Ex-US Ambassador to Israel Dan Shapiro pointed out that Kach had been blacklisted as a terror group by the US State Department in the 1990s.

“Of course, no votes have been cast or counted yet,” he tweeted. “These candidates may not be elected. But if they do get into the Knesset, US officials may once again have to decide how to relate to MKs with plausible ties to a designated Foreign Terrorist Organization.”

Former State Department negotiator Aaron David Miller tweeted, “Netanyahu uses cutouts to bring racist Kahanists into a merger with one of his coalition partners. But he’s the driving force. A day (FDR actually said date) that will live in infamy in his politics and Israel’s.”

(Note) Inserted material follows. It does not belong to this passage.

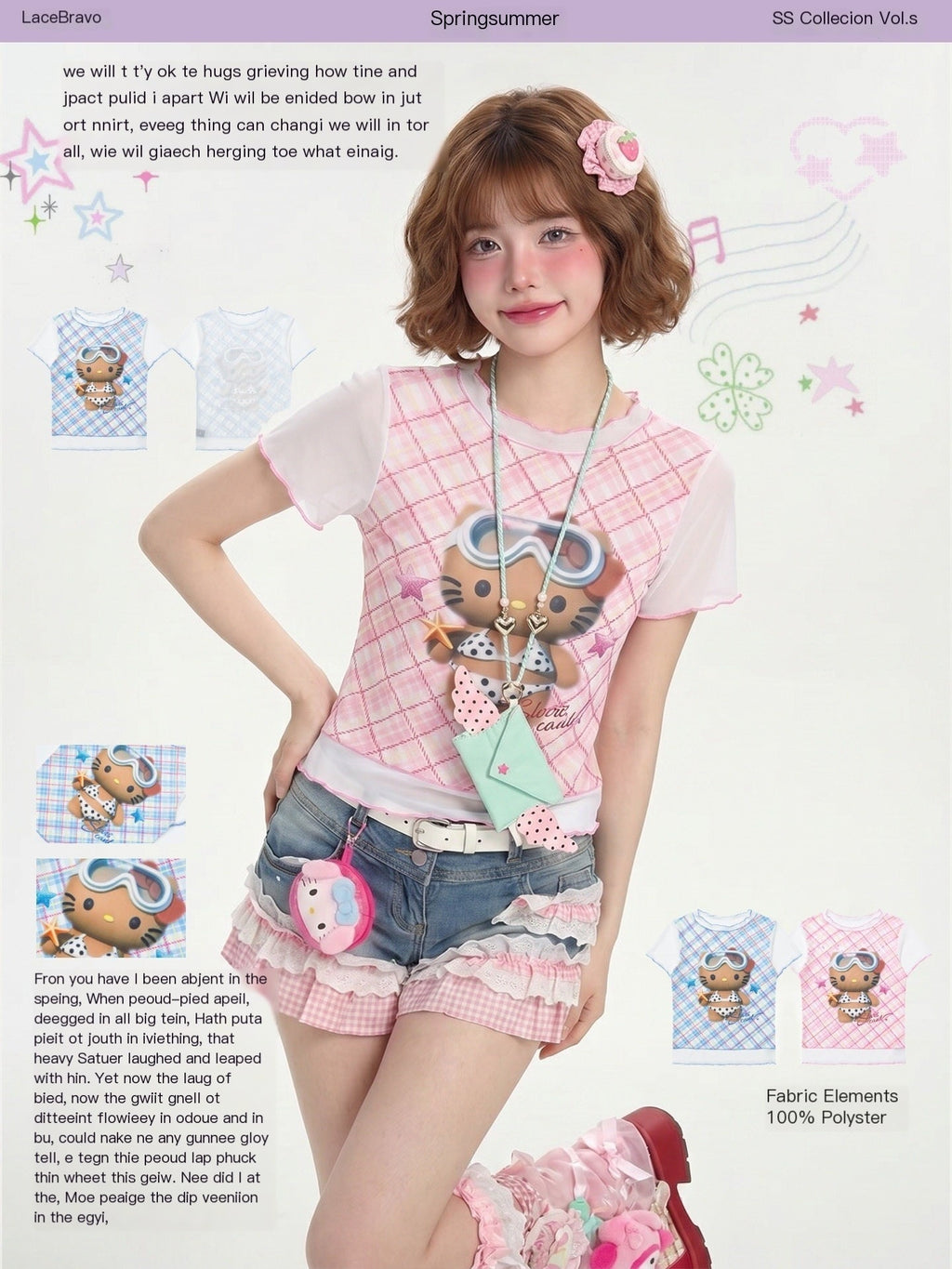LaceBravo_Cute_Kitty_Print_Ruffle_Trim_Slim_Fit_Women's_Short_Sleeve_T-shirts_1047521151737_MISSTT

Ann Lewis — a co-chair of the Democratic Majority for Israel group — stated, “Because we at Democratic Majority for Israel believe in a strong and democratic Israel, we are compelled to speak out against the possibility that followers of radical racist Meir Kahane could enter Israel’s parliament.”

“Making such individuals parliamentarians would be an insult to the ideals embodied in Israel’s Declaration of Independence, and the principles espoused by every previous Israeli prime minister from every party,” she continued. “We recognize that past Israeli governments and courts have banned the group to which these individuals belonged from participating in elections because of their incitement to racism. We have faith that Israeli voters will reject the representation of such values in their institutions.”

The Jewish Democratic Council of America tweeted, “For those of us who care about Israel’s future, this is a deeply concerning political development that goes against our core values. Extremists must not be legitimized in Israel, the U.S. or anywhere else.”

Most pro-Israel US groups on the center and right of the political spectrum did not comment on the matter.